===== Record extracts =====
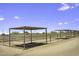 Close-up of the horse stalls, showcasing metal roofing, metal posts, and fencing at 13050 N Breeze Way, Maricopa, AZ 85139
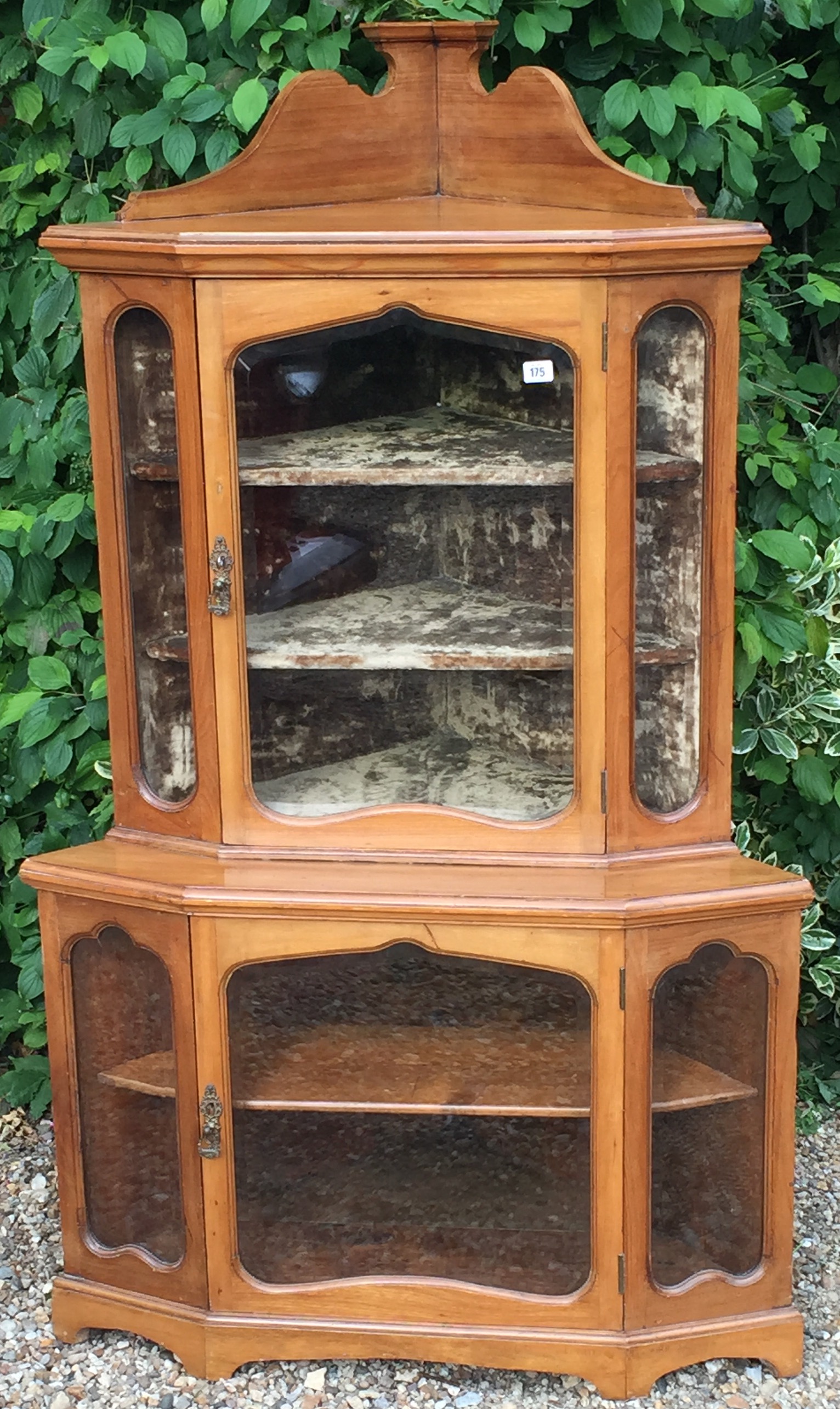 AN EDWARDIAN WALNUT TWO TIER GLAZED CORNER CABINET Raised on shaped bracket feet.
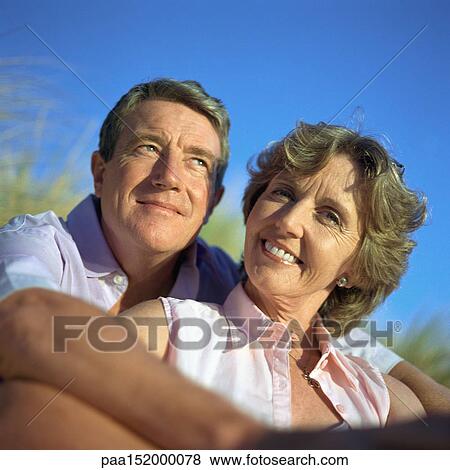 Stock Photo - Mature couple, man's arms around woman.. Fotosearch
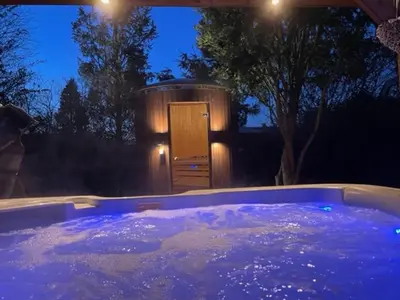 a jacuzzi tub at night with a wooden door at Wellness Bungalow Bolder 5p Amsterdam and the beach in Opmeer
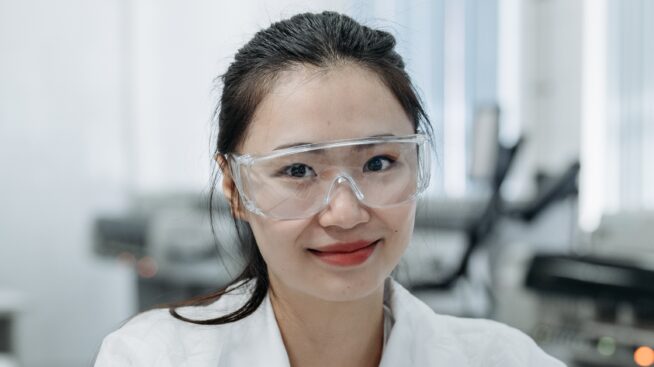 Close-up of female lab scientist with safety glasses in laboratory celebrating Lab Week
=====
• Work instruction
Every record is to be restated word for word, with the pictures left out.

• Result of the task
 Close-up of the horse stalls, showcasing metal roofing, metal posts, and fencing at 13050 N Breeze Way, Maricopa, AZ 85139
 AN EDWARDIAN WALNUT TWO TIER GLAZED CORNER CABINET Raised on shaped bracket feet.
 Stock Photo - Mature couple, man's arms around woman.. Fotosearch
 a jacuzzi tub at night with a wooden door at Wellness Bungalow Bolder 5p Amsterdam and the beach in Opmeer
 Close-up of female lab scientist with safety glasses in laboratory celebrating Lab Week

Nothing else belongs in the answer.